> _Requirement_:
Pictures in the records below must be left out. Return exactly the lines from the line with "Kia Niro 1.6" to the line with "POM BEANIE and SCARF set with akull design", both included.

> _Exercise materials_:
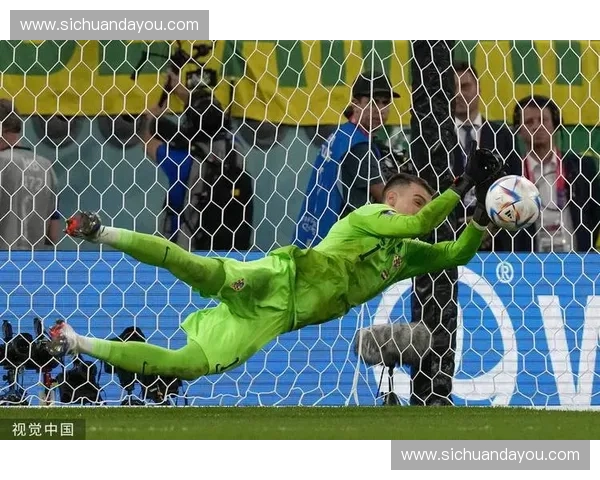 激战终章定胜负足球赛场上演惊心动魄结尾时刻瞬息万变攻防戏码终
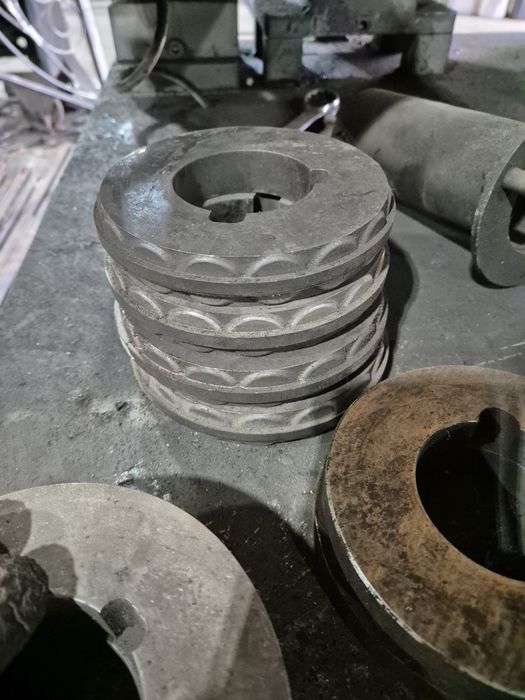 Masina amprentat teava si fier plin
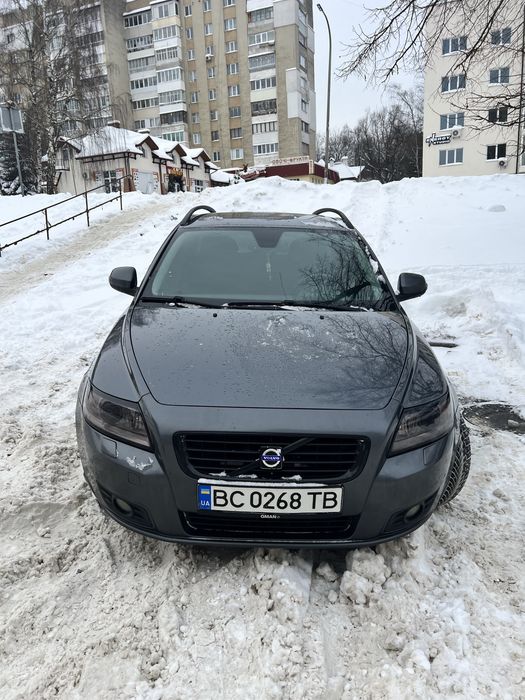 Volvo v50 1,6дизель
* * *
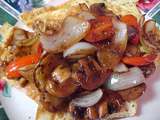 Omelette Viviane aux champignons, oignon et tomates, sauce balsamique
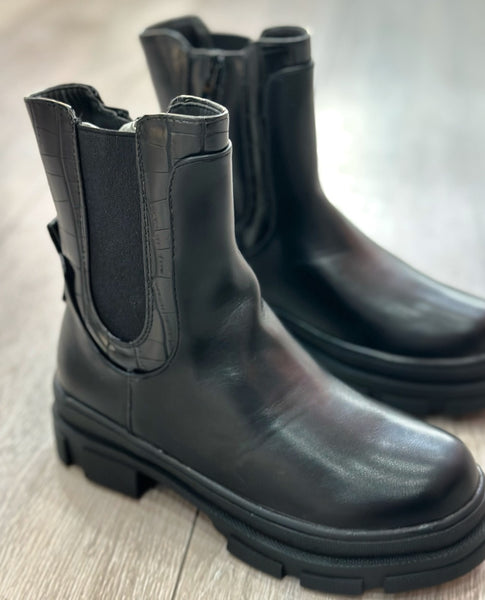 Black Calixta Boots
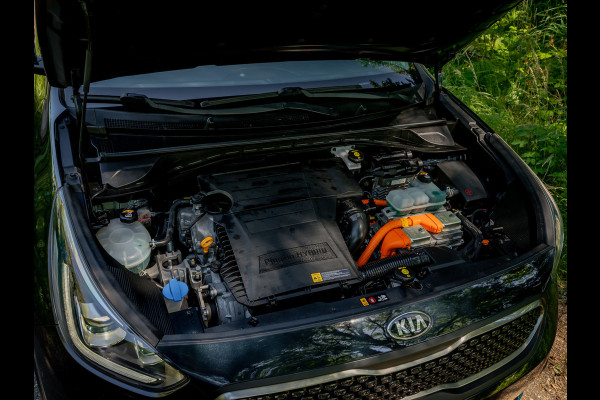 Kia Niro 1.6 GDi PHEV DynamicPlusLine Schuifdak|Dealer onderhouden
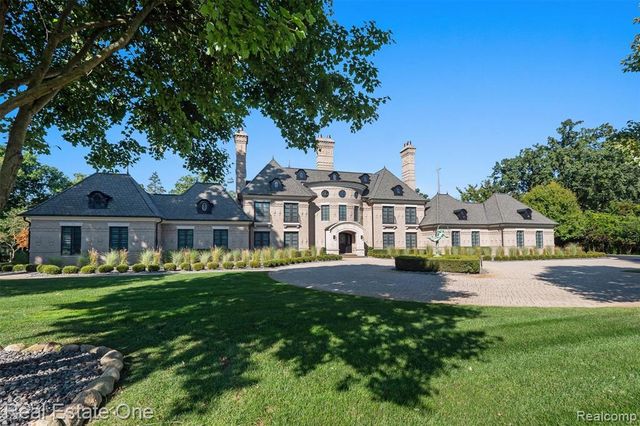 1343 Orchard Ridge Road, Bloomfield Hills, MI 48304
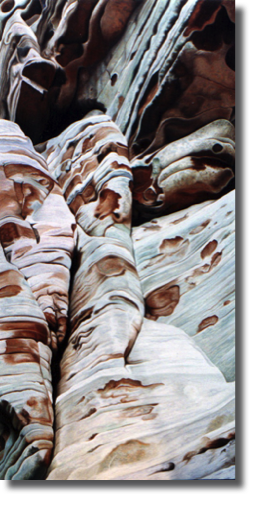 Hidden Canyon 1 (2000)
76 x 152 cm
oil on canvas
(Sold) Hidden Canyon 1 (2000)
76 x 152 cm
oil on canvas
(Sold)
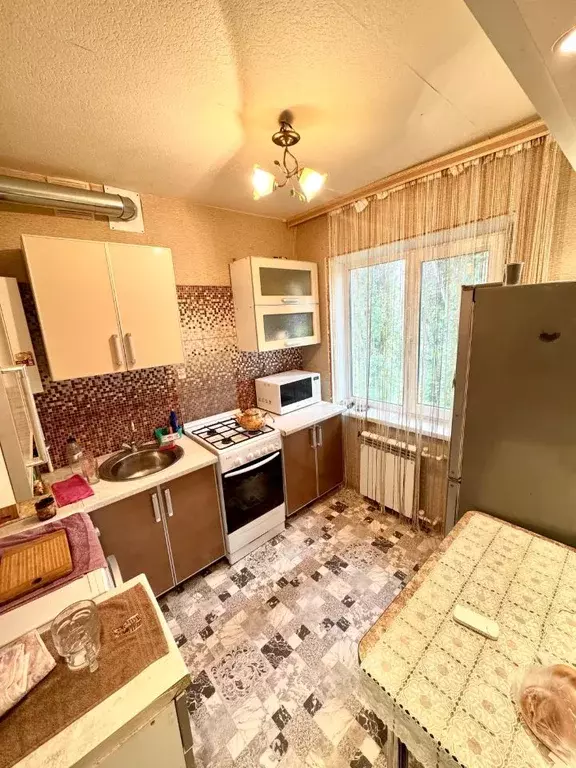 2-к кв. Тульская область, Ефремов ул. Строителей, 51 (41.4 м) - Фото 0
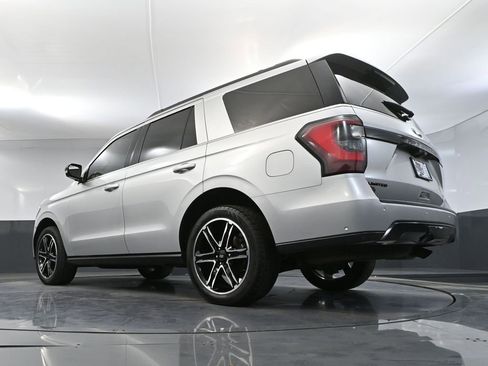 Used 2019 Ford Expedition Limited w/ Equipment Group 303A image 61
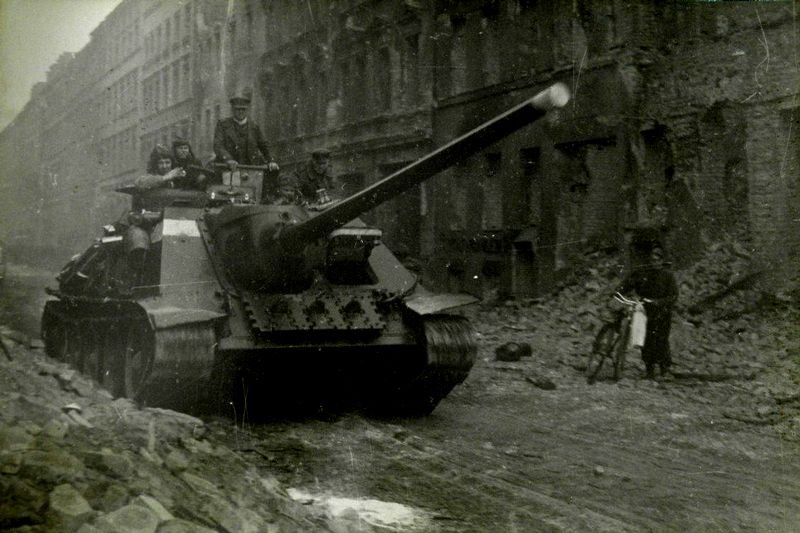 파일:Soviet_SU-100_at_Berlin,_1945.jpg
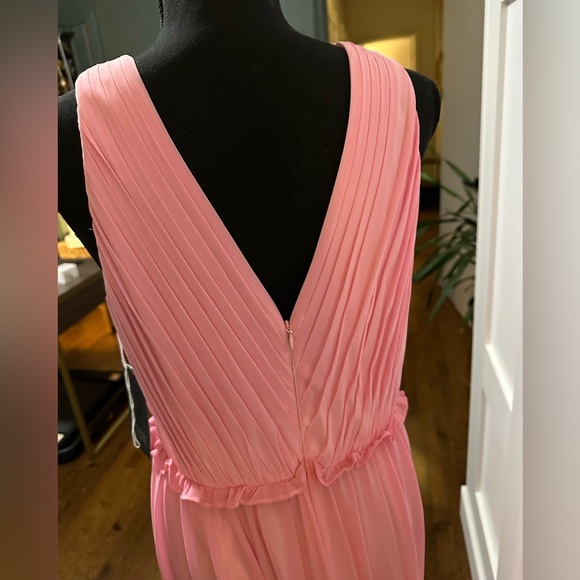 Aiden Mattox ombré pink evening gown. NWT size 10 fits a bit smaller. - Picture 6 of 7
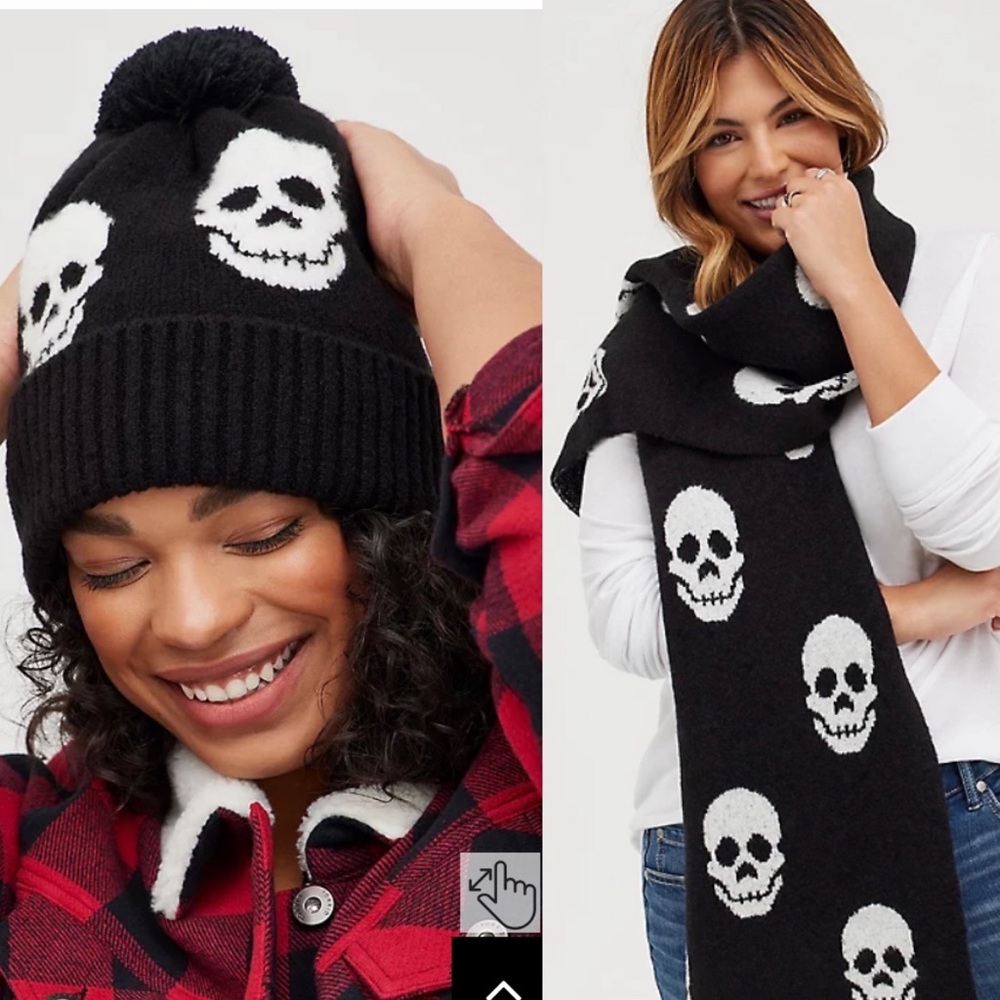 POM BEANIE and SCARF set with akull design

> _Response to the task_:
 Kia Niro 1.6 GDi PHEV DynamicPlusLine Schuifdak|Dealer onderhouden
 1343 Orchard Ridge Road, Bloomfield Hills, MI 48304
 Hidden Canyon 1 (2000)
76 x 152 cm
oil on canvas
(Sold) Hidden Canyon 1 (2000)
76 x 152 cm
oil on canvas
(Sold)
 2-к кв. Тульская область, Ефремов ул. Строителей, 51 (41.4 м) - Фото 0
 Used 2019 Ford Expedition Limited w/ Equipment Group 303A image 61
 파일:Soviet_SU-100_at_Berlin,_1945.jpg
 Aiden Mattox ombré pink evening gown. NWT size 10 fits a bit smaller. - Picture 6 of 7
 POM BEANIE and SCARF set with akull design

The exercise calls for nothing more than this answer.